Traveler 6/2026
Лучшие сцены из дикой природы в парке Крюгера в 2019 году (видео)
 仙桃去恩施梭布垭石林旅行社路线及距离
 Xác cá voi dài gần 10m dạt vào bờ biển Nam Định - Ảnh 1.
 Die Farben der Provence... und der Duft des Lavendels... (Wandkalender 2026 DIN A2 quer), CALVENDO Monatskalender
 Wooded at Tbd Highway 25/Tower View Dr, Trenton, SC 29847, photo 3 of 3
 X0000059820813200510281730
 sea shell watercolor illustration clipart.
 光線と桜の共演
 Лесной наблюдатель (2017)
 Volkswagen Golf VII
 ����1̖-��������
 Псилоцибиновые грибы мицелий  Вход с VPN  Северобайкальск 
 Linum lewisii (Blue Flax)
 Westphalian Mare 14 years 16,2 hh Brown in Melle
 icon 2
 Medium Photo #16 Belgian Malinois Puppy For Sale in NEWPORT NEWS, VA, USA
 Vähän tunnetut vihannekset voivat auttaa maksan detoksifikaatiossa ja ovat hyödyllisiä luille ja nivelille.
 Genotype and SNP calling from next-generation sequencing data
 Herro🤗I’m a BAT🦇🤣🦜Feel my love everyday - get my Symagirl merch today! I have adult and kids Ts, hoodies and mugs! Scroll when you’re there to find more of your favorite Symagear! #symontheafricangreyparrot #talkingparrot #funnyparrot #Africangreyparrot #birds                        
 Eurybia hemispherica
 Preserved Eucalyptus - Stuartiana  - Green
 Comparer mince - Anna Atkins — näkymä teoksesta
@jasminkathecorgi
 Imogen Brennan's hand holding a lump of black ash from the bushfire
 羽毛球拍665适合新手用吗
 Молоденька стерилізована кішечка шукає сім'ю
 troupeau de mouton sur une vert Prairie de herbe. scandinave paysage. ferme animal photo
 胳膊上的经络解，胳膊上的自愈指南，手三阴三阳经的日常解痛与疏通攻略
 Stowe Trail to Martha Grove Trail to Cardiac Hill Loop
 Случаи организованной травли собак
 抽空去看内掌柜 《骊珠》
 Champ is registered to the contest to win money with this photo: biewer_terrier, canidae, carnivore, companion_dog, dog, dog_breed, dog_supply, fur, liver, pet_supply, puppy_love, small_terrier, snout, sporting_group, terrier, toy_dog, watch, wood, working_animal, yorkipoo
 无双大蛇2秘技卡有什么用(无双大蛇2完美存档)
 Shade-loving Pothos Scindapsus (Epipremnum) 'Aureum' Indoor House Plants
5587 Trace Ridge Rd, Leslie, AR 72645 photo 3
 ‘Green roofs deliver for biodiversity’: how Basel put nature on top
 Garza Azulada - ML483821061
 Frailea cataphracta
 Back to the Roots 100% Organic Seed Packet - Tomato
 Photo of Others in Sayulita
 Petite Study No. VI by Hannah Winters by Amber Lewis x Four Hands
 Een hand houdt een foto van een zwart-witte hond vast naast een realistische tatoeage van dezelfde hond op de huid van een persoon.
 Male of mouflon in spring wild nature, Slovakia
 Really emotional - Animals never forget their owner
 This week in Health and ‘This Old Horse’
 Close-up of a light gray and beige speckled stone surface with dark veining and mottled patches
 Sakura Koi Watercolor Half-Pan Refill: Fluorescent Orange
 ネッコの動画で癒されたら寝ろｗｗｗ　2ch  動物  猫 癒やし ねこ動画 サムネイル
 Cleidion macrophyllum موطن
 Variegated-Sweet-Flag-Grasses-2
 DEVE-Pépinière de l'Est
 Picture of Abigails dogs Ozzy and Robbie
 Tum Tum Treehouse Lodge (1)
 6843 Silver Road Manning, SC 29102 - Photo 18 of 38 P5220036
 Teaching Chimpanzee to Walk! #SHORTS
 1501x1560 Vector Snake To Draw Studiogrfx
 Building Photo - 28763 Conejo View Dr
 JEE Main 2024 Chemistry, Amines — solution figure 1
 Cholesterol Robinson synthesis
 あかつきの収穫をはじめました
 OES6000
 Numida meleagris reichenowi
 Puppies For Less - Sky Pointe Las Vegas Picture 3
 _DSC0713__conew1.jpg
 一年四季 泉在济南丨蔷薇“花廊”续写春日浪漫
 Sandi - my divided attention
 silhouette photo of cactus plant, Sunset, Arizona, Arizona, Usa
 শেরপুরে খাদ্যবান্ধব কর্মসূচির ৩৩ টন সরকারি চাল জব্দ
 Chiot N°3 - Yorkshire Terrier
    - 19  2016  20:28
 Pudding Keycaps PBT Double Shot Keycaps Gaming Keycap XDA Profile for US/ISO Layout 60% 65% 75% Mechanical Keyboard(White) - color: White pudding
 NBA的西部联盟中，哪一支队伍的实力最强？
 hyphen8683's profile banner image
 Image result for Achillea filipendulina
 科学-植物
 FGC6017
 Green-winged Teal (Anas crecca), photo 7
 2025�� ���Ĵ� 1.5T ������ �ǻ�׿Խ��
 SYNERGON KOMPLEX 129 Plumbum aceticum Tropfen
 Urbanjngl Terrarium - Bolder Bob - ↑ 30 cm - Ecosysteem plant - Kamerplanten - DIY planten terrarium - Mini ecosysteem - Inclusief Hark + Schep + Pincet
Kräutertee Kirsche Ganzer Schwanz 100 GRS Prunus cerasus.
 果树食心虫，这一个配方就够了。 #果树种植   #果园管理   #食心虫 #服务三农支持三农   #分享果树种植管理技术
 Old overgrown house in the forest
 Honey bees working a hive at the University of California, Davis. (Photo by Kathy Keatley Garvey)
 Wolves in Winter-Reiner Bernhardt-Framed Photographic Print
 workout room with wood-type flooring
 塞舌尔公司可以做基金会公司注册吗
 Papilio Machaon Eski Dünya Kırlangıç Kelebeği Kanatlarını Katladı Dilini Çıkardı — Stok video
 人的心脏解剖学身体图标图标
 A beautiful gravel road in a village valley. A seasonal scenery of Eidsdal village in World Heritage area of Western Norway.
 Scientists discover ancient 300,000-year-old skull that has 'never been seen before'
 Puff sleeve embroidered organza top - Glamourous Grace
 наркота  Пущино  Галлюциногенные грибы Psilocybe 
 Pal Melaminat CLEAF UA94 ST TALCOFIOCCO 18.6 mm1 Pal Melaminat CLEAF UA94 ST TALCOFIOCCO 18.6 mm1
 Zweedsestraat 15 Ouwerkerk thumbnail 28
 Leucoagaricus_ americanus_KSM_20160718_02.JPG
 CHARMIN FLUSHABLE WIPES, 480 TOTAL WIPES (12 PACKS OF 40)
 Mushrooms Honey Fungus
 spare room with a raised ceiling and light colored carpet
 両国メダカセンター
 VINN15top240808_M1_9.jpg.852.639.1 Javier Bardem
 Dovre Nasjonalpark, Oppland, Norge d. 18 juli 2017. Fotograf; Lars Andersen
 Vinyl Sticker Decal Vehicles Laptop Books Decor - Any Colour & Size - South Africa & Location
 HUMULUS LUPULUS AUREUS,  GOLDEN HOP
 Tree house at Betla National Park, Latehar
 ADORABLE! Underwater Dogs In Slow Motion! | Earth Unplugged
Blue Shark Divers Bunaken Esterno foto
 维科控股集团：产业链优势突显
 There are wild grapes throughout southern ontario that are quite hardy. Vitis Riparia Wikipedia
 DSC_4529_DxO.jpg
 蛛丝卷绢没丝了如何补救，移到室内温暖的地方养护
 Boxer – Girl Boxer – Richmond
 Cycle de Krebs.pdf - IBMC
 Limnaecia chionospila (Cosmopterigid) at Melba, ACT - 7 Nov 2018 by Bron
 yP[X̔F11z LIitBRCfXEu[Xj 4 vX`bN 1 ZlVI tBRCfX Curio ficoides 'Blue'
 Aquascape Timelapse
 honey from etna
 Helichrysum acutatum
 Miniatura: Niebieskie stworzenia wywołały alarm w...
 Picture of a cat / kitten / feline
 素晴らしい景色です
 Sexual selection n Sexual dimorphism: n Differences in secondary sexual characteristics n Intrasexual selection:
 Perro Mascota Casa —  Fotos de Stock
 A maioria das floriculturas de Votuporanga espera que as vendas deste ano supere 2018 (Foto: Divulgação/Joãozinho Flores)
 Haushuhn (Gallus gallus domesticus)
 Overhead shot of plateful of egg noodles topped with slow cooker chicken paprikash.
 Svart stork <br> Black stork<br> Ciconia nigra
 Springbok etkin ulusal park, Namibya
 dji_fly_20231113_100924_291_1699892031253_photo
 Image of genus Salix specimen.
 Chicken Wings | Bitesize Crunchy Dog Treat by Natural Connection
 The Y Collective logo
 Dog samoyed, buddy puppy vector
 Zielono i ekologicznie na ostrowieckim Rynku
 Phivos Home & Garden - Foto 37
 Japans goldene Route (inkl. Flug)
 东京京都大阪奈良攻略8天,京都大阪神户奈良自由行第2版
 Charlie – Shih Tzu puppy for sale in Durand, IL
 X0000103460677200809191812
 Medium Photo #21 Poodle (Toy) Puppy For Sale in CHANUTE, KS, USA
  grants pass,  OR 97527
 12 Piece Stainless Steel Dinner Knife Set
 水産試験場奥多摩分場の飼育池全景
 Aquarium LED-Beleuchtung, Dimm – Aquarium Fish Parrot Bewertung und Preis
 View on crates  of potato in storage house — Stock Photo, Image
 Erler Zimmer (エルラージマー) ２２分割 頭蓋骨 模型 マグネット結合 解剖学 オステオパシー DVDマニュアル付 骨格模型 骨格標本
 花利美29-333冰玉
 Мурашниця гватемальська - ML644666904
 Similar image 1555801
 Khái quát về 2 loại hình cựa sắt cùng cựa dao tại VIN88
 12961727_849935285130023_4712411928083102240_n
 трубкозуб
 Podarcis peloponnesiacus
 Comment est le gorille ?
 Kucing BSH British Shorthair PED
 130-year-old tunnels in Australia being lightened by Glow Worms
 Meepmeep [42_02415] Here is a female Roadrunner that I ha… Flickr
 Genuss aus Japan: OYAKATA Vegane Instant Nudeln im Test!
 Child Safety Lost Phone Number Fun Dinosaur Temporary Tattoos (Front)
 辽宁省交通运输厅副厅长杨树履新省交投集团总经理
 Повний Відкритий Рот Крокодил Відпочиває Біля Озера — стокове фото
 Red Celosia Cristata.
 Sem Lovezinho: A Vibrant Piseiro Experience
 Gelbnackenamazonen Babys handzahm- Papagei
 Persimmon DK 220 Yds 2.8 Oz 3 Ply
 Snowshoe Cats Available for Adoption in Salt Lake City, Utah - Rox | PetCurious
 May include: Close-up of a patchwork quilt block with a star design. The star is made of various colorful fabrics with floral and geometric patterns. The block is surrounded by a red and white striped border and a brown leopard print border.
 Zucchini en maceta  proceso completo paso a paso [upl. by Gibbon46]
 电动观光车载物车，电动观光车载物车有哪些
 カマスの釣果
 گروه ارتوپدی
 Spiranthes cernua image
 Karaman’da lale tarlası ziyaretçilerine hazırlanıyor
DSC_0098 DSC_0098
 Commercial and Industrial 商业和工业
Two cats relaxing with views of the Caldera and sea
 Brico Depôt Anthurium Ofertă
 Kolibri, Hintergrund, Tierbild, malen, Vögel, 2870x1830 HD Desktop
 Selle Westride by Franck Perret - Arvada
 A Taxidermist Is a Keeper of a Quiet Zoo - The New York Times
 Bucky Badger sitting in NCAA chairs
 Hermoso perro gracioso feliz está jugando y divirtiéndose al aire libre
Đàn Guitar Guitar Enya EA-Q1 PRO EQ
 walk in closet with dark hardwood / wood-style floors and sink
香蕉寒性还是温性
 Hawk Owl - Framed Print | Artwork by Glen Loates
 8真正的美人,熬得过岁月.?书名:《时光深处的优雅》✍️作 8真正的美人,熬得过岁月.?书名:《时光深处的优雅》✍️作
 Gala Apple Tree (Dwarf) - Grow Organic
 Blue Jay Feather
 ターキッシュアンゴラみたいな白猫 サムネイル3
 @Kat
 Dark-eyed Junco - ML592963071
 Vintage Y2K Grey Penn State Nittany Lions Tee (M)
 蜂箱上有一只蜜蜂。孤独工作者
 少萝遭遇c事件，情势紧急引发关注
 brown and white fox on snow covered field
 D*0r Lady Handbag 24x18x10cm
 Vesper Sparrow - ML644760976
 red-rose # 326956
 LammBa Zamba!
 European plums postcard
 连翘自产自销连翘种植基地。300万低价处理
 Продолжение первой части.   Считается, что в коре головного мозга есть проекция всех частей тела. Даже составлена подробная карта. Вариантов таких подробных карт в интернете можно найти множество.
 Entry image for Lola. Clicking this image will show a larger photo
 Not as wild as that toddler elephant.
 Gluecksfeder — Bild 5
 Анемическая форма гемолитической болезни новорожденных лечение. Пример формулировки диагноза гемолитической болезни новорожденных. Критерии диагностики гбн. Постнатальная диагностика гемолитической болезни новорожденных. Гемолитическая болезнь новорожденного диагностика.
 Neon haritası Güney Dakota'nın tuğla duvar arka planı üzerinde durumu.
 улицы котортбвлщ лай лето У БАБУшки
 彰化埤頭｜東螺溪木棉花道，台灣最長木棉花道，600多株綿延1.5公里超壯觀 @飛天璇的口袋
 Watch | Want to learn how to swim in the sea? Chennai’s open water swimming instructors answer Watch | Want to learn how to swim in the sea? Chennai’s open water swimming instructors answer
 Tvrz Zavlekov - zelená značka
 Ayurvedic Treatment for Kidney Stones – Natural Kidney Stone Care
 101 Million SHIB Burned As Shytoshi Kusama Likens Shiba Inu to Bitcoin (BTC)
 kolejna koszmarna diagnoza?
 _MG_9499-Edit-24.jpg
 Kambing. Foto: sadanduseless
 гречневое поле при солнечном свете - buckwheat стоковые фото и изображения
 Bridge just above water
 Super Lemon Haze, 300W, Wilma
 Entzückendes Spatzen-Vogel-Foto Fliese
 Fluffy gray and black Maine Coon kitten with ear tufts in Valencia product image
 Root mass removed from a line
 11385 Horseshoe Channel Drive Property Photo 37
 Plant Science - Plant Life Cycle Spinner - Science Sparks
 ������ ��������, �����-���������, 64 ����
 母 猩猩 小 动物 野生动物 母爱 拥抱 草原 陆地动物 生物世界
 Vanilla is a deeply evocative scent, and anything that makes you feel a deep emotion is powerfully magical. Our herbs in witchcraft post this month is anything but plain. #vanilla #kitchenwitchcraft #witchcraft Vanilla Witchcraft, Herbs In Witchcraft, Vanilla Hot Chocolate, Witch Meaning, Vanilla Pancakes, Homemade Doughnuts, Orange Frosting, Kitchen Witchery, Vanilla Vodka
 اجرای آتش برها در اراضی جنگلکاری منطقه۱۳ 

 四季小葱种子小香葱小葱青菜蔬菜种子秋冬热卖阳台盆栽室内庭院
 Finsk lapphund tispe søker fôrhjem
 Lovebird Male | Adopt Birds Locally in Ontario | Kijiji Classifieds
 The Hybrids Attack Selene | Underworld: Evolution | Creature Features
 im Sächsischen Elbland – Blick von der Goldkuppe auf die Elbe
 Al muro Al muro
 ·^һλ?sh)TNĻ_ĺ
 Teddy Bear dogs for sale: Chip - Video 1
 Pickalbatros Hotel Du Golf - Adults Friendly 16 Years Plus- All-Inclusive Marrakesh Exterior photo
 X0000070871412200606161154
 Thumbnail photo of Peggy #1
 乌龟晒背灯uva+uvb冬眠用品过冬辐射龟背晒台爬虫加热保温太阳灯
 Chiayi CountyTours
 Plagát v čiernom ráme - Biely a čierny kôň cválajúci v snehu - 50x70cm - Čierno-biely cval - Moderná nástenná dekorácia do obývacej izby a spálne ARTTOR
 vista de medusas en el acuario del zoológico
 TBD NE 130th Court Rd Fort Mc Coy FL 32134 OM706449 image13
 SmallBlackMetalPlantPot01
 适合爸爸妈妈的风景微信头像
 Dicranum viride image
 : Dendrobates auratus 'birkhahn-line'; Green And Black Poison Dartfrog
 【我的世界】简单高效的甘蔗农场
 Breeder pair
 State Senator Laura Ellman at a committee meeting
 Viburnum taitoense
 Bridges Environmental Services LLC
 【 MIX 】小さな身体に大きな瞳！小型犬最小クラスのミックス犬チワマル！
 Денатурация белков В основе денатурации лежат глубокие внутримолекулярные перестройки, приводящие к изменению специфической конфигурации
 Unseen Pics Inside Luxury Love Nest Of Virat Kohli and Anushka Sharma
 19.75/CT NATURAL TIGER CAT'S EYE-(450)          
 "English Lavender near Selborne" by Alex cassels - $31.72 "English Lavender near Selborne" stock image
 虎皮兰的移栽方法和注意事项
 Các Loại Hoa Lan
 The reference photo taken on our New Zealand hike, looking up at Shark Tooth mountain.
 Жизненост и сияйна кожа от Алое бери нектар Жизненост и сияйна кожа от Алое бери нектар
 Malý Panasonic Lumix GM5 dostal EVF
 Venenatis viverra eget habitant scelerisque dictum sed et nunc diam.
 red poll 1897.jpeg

####

* Exercise brief:
Each line from the start of the listing through the line with "Die Farben der" is to be restated verbatim, both ends included.

* Response to the task:
Traveler 6/2026
Лучшие сцены из дикой природы в парке Крюгера в 2019 году (видео)
 仙桃去恩施梭布垭石林旅行社路线及距离
 Xác cá voi dài gần 10m dạt vào bờ biển Nam Định - Ảnh 1.
 Die Farben der Provence... und der Duft des Lavendels... (Wandkalender 2026 DIN A2 quer), CALVENDO Monatskalender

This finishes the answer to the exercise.